BEGIN Input data
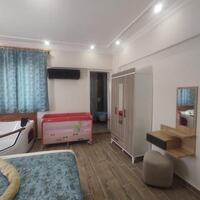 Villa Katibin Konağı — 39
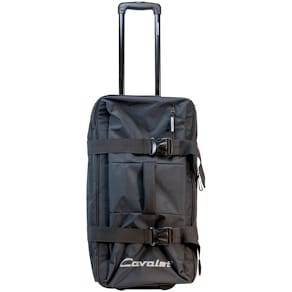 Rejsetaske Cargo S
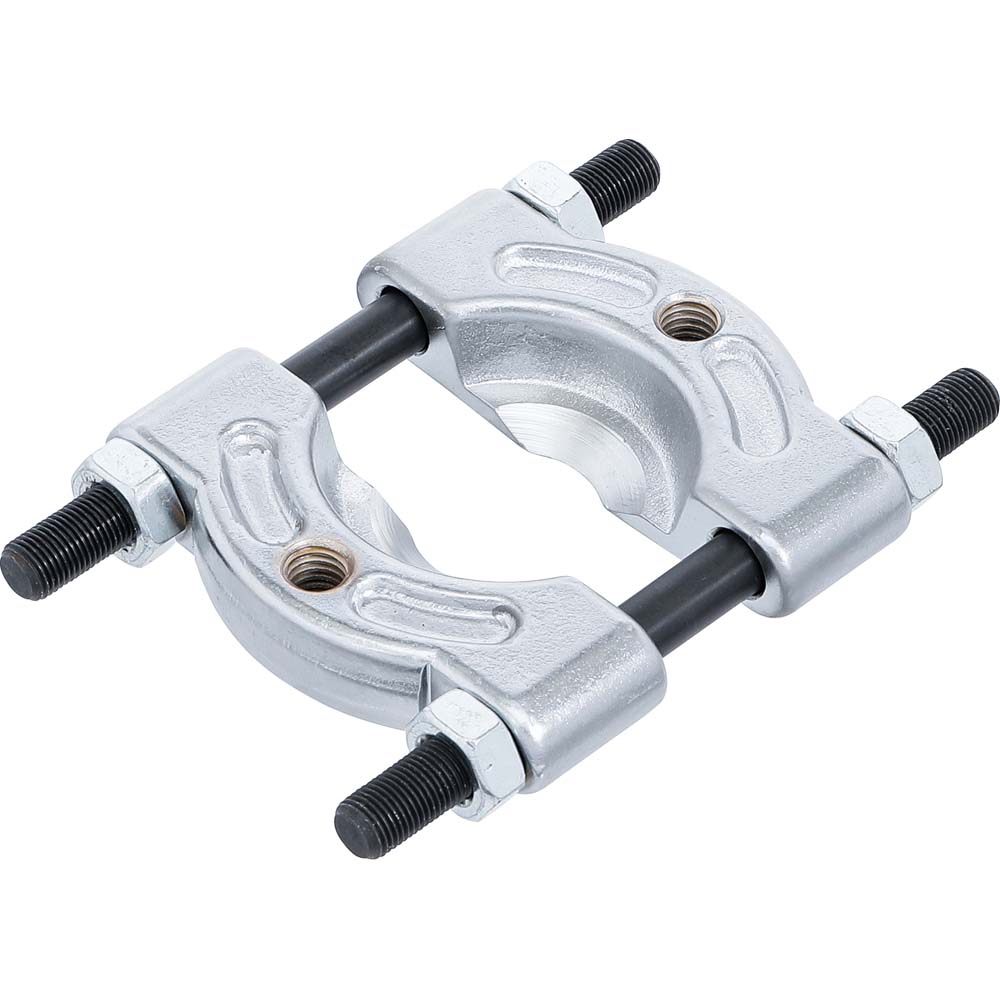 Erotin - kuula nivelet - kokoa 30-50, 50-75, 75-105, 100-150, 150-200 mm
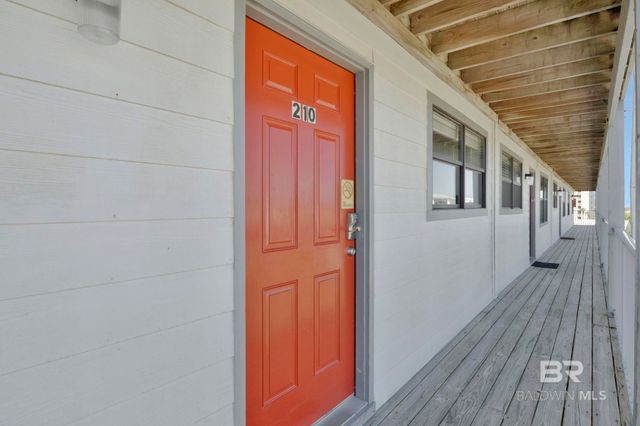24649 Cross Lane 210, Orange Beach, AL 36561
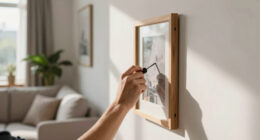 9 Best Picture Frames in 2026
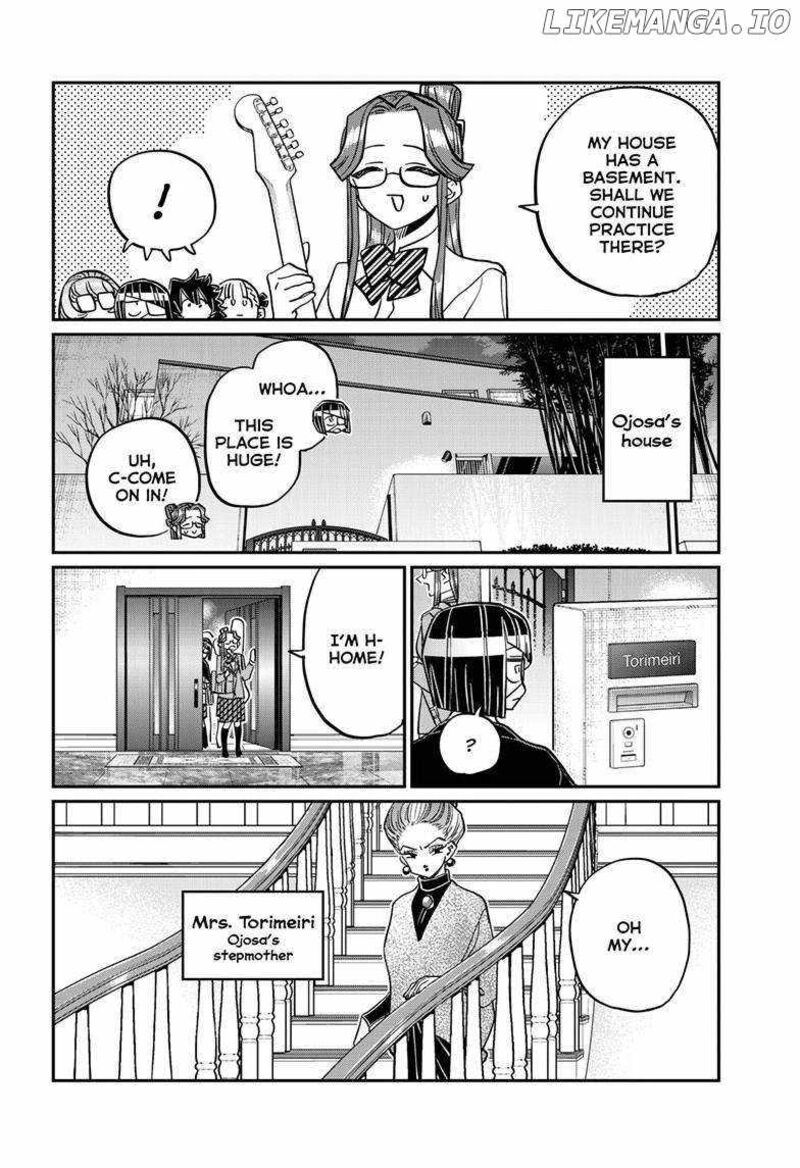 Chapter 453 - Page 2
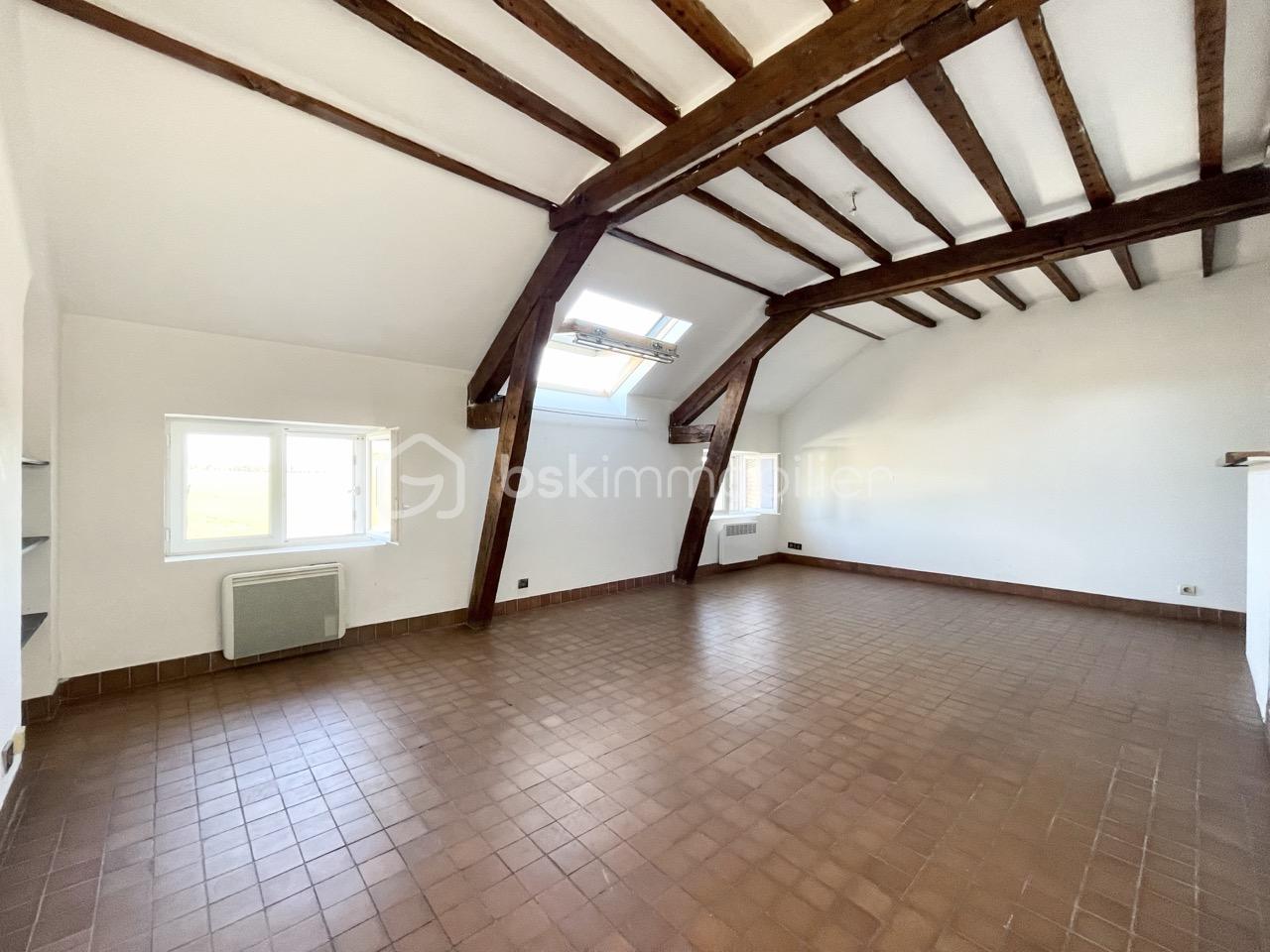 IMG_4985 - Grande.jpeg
END Input data
BEGIN Input data
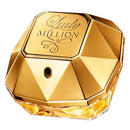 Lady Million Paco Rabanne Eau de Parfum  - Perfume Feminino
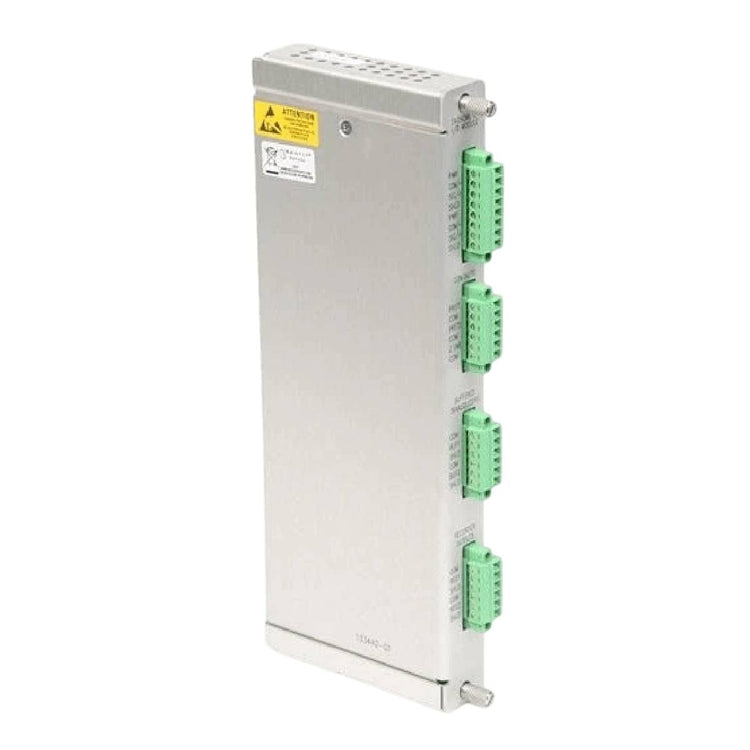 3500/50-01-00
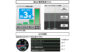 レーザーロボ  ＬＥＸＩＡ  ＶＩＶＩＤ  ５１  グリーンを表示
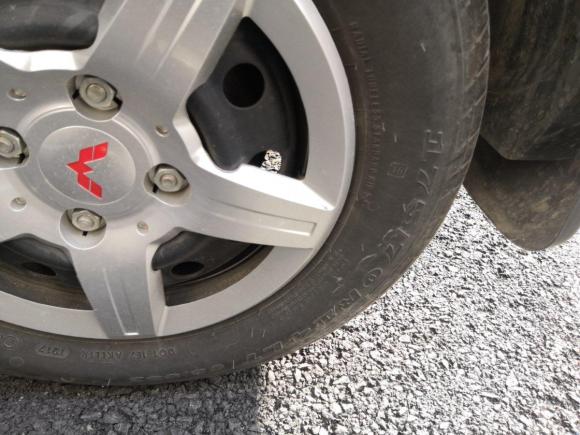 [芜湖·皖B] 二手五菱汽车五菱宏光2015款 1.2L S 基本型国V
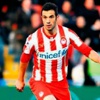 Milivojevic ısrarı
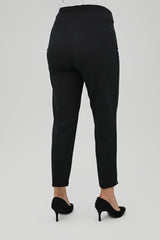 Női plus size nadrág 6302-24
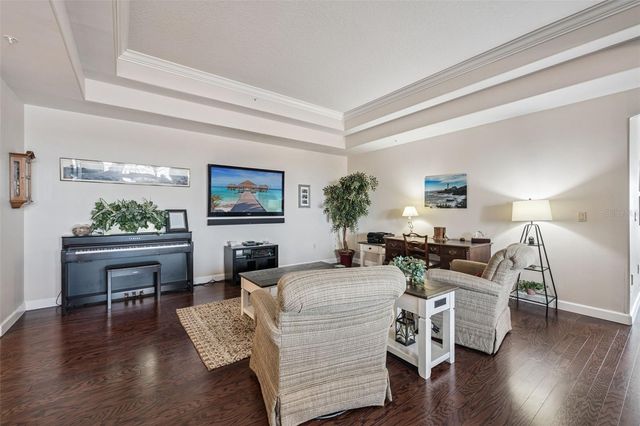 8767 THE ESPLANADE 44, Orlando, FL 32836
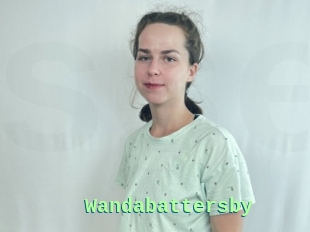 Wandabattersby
END Input data
Prompt
From the data above, retype only the lines starting with the line with "Villa Katibin Konağı — 39" and going on through the line with "IMG_4985 - Grande.jpeg", exactly, leaving out the pictures.

Solution to the problem
 Villa Katibin Konağı — 39
 Rejsetaske Cargo S
 Erotin - kuula nivelet - kokoa 30-50, 50-75, 75-105, 100-150, 150-200 mm
24649 Cross Lane 210, Orange Beach, AL 36561
 9 Best Picture Frames in 2026
 Chapter 453 - Page 2
 IMG_4985 - Grande.jpeg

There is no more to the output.